Saturday, July 30, 2011

You and the Debt Crisis

By and large, I have told readers that it's important to avoid paying too much attention to the headlines and instead employ a long-term approach when looking at investments and the financial markets. Our collective will in executing that has been shaken lately by dire news reports ticking down the hours and minutes to when the United States may potentially miss its first debt payment and in effect, will be considered in default on its financial obligations to its creditors. 

While this news is indeed scary, it's not something that should shake your confidence too much for two reasons. First, if the market was taking such a prospect as seriously as the media makes it out to be, then the major market indices would have shed much more of their value in the weeks leading up to the August 2nd deadline. I look at it this way: based on the efficient market theory, everything that can be known about an investment or the market in general is already priced into it because of the speed and efficiency of information flow. Even the bond market, while under plenty of pressure given the uncertainty, has not seen the types of wholesale declines that would indicate a default was imminent. 

Secondly, we must not kid ourselves.

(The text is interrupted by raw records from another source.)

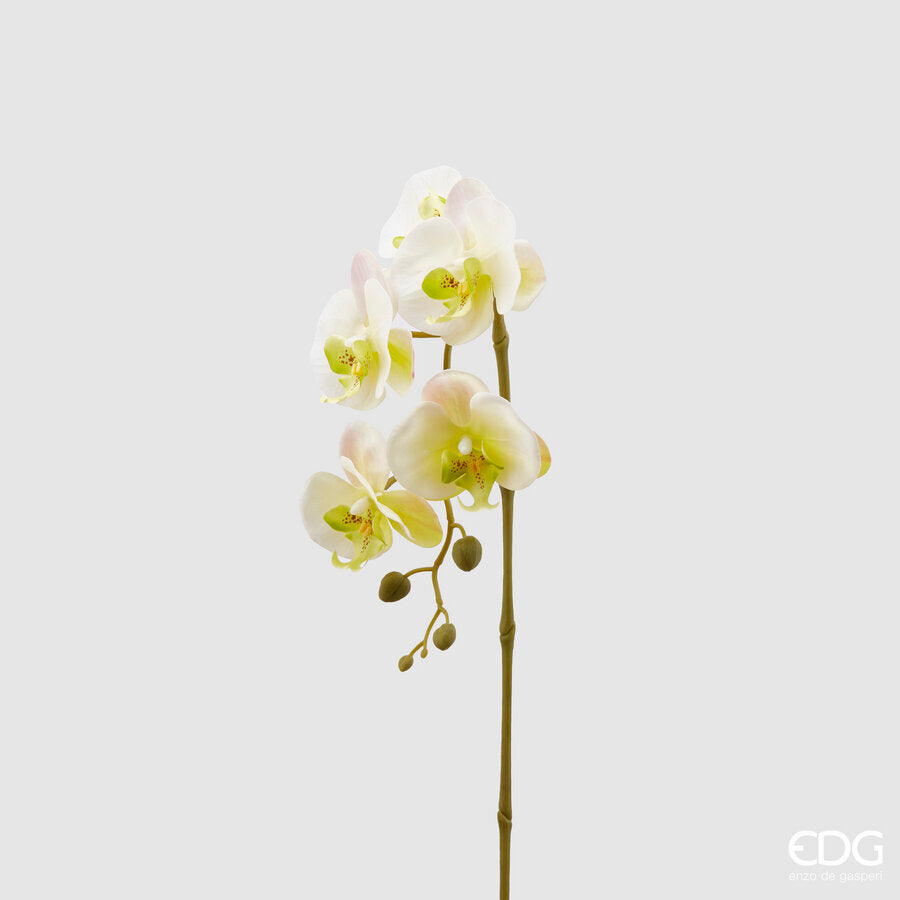 edg enzo de gasperi edg enzo de gasperi orchidea phalaenopsis olis ramo 3d x5 artificiale h 70 cm white yellow ean 8056372972805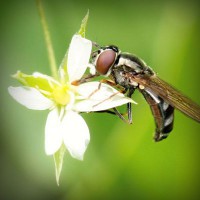 /album/mortgage-brokers-mandurah/photolia-a02-jpg/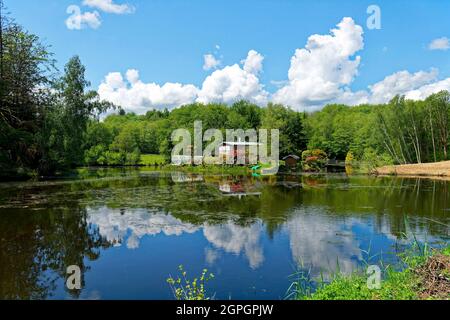 France, haute Saone, plateau des mille étangs (plateau des mille étangs), Ecromagny Banque D'Images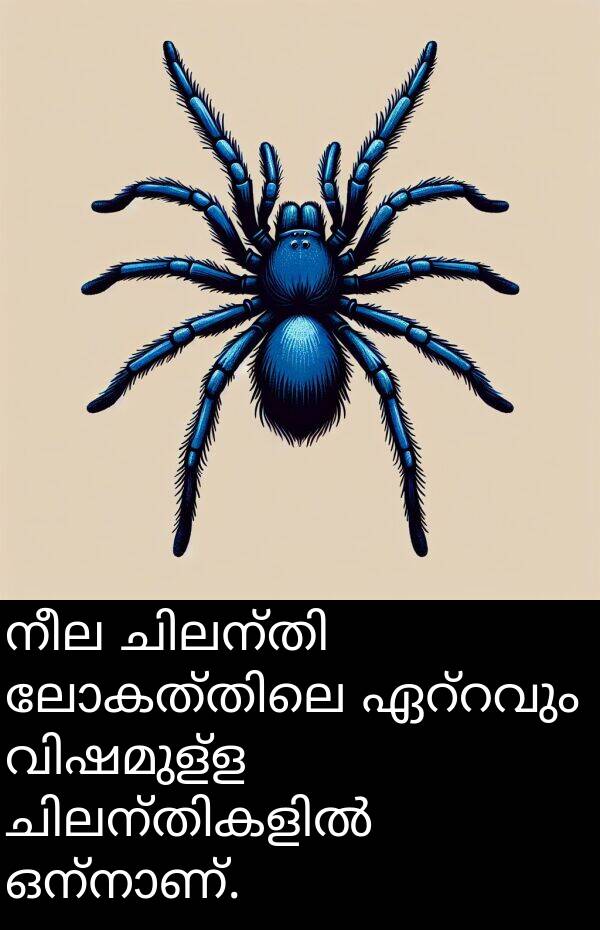നീല: നീല ചിലന്തി ലോകത്തിലെ ഏറ്റവും വിഷമുള്ള ചിലന്തികളിൽ ഒന്നാണ്.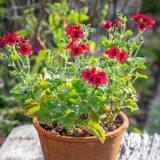 Pelargonium 'Mystery' (Unique)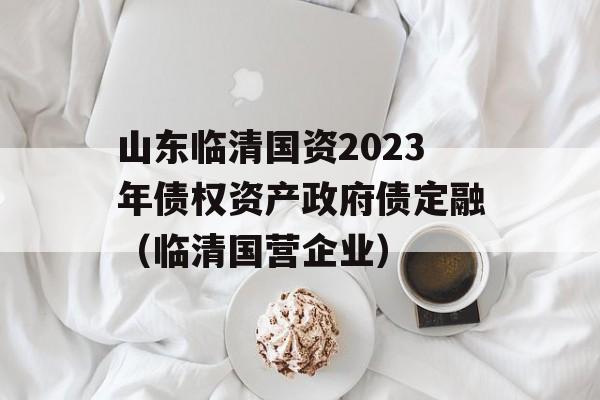 山东临清国资2023年债权资产政府债定融（临清国营企业）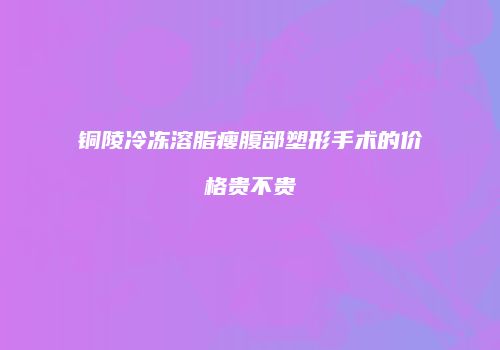 铜陵冷冻溶脂瘦腹部塑形手术的价格贵不贵
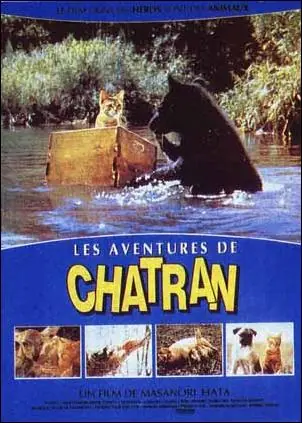 triste final de animales famosos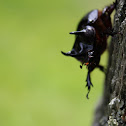 Ox Beetle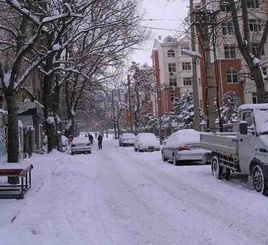 ����ѧ�� ��ѩ��������α�����ȫ����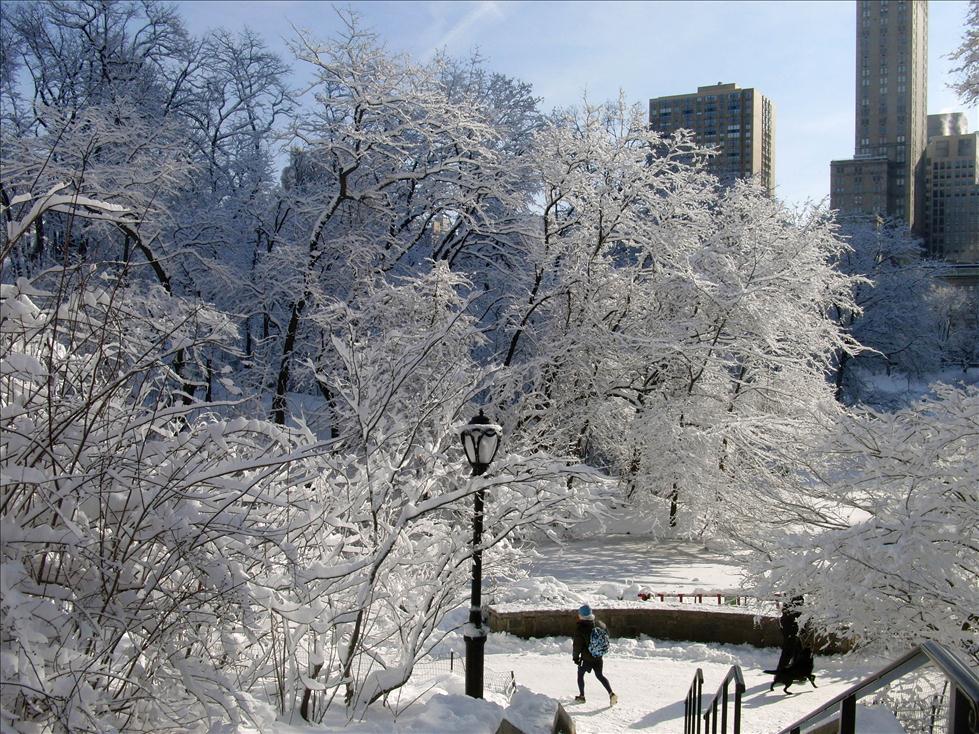 雪后中央公园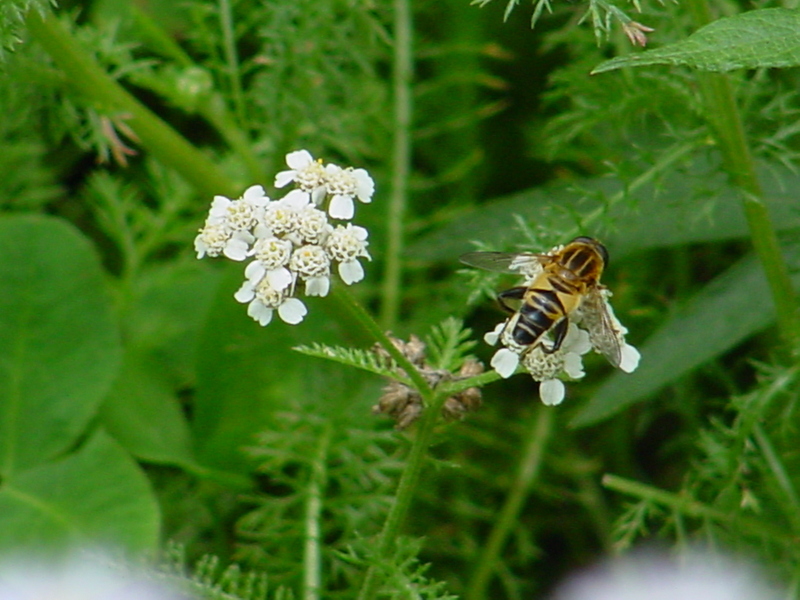 Horsefly (?); DISPLAY FULL IMAGE.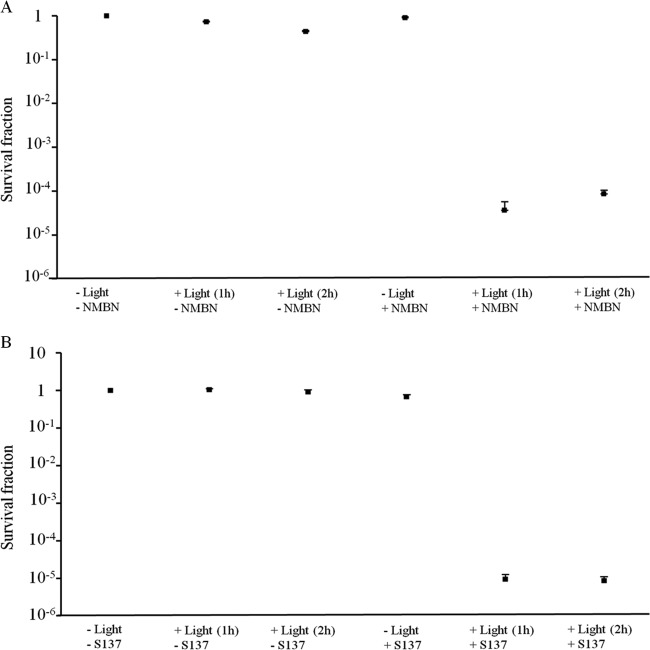 FIG 3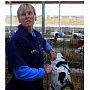 Катарина Берг, руководитель Berge Veterinary Consulting BVBA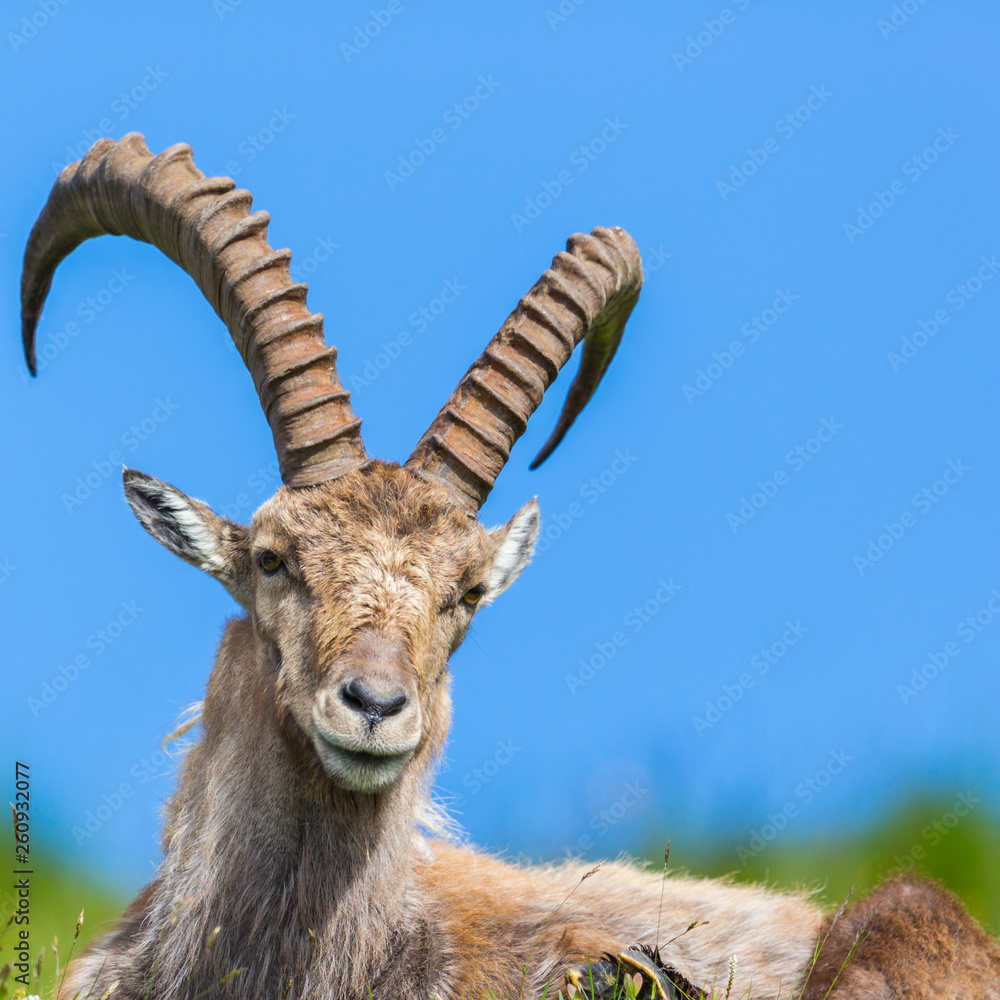 detailed portrait natural alpine capra ibex capricorn sitting in meadow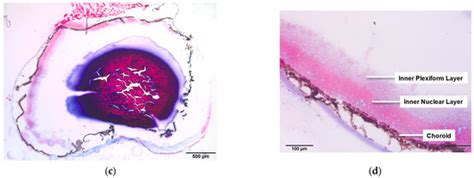 Multimodal Imaging of Metals in a Retinal Degeneration Model to Inform ...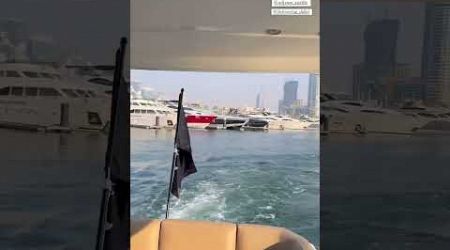 Dan Bilzerian shares yacht view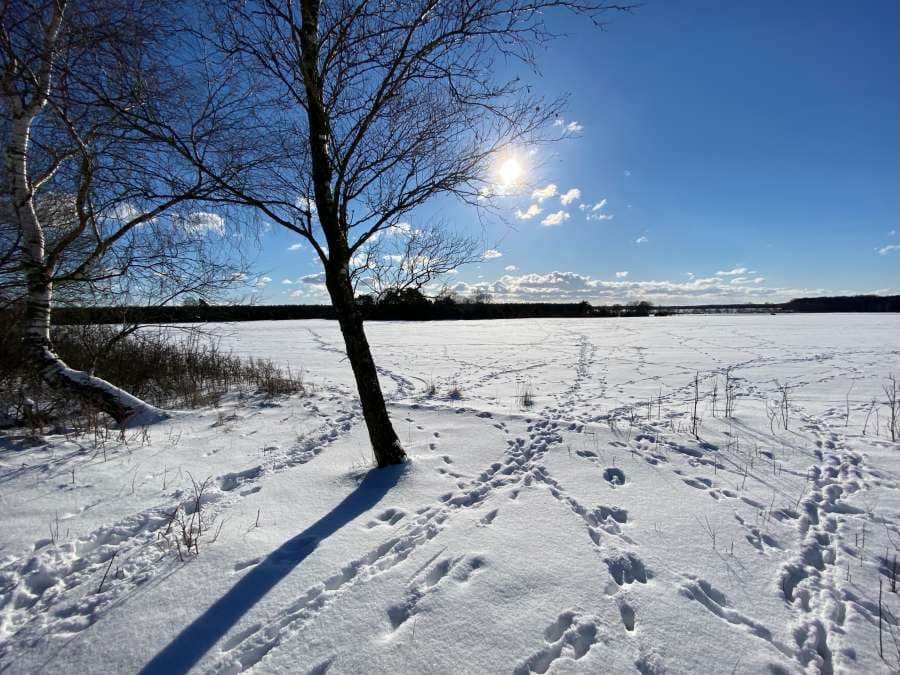 Winterauszeit auf dem Heidschnuckenweg: Gänsemarsch im Pulverschnee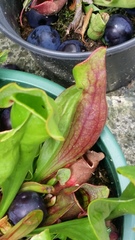Sarraceniaceae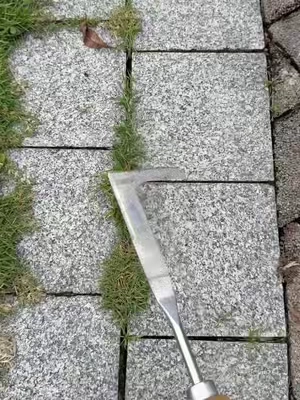 Do you still use butter knife,screwdriver and fire torch for this type grass in crevice? Check this All-in-One Weeding Warrior! Tame your home with ease. 🌿🛠️50% Off Limited Stock! Shop Now ❤️ Rock #GardeningHack #WeedingTool #MustHaveGadget #dealsforyoudays #SummerWins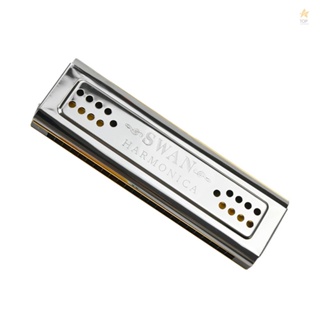 Woodwind Instruments: SWAN Harmonica 24 Holes C And G Double Tones Mouth Organ for Both Sides Playing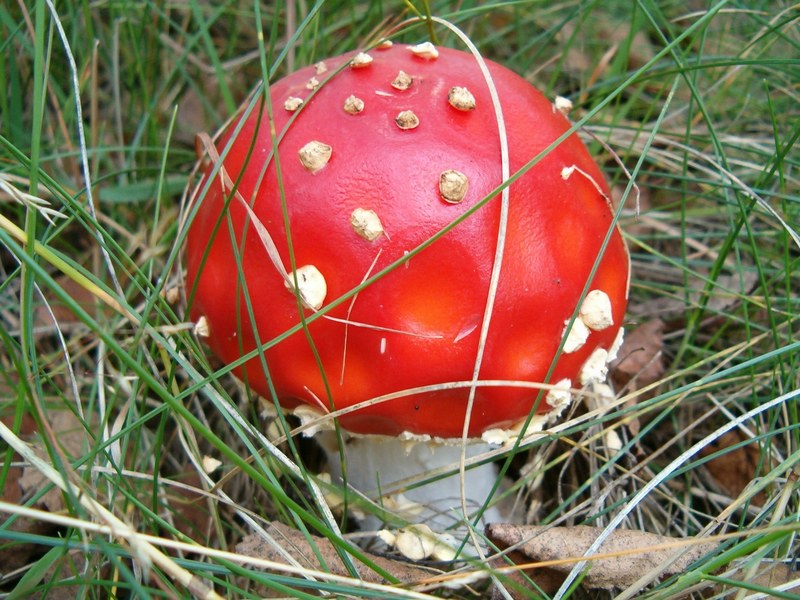 mushroom nature forest amanita mushrooms 4k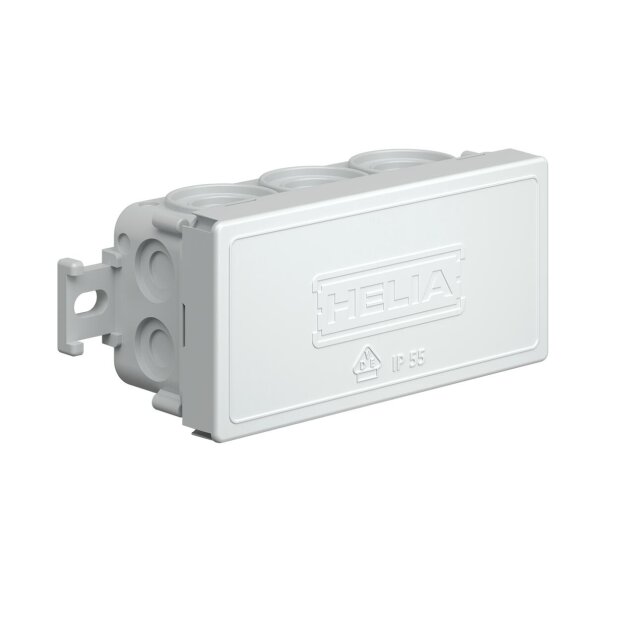 Kaiser 250 Kabelabzweigkasten IP55 mit Einführungen 4 x 12 mm 6 x 20 mm 89 x 42 x 37 mm grau RAL 7035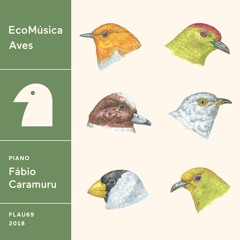 Fábio Caramuru - Hashibosogarasu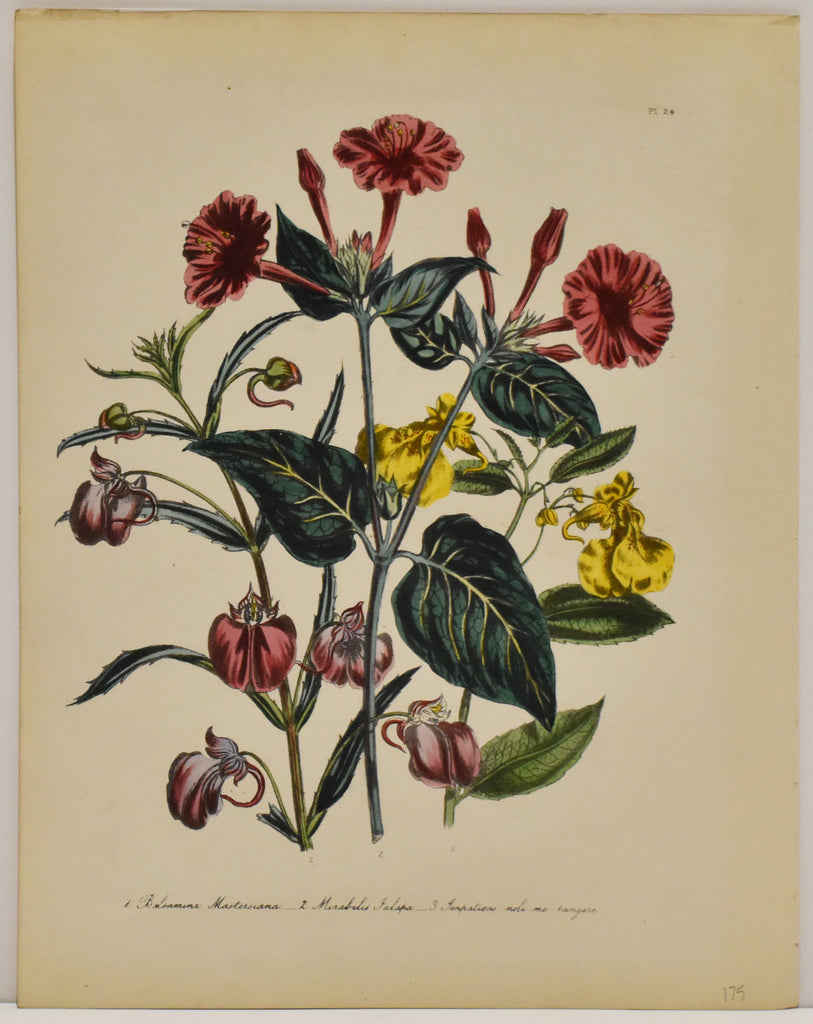 Balsamina Mastersiana: Loudon c. 1839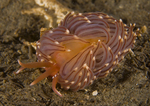 Facelina bostoniensis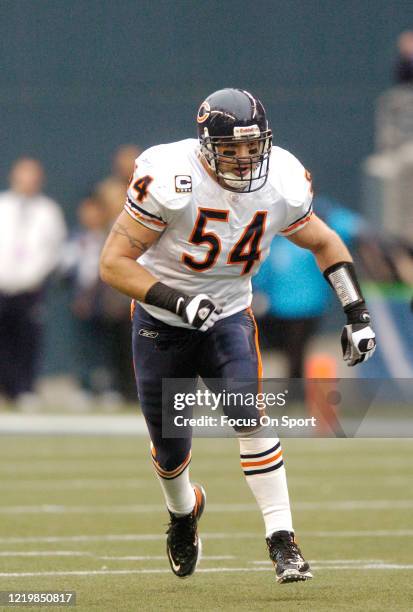 Brian Urlacher of the Chicago Bears in action against the Seattle Seahawks during an NFL football game on November 18, 2007 at Qwest Field in...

Lawmakers in Washington know how much is on the line and how disastrous a default would be, and while there has been much political grandstanding and theatre throughout the process, at the end of the day, a deal will be cut, especially if it means preserving re-election chances for many of the incumbents. Unfortunately, this is how Washington works and the media likes to capitalize on the uncertainty. Don't fall victim to the circumstances which don't seem that dire after all.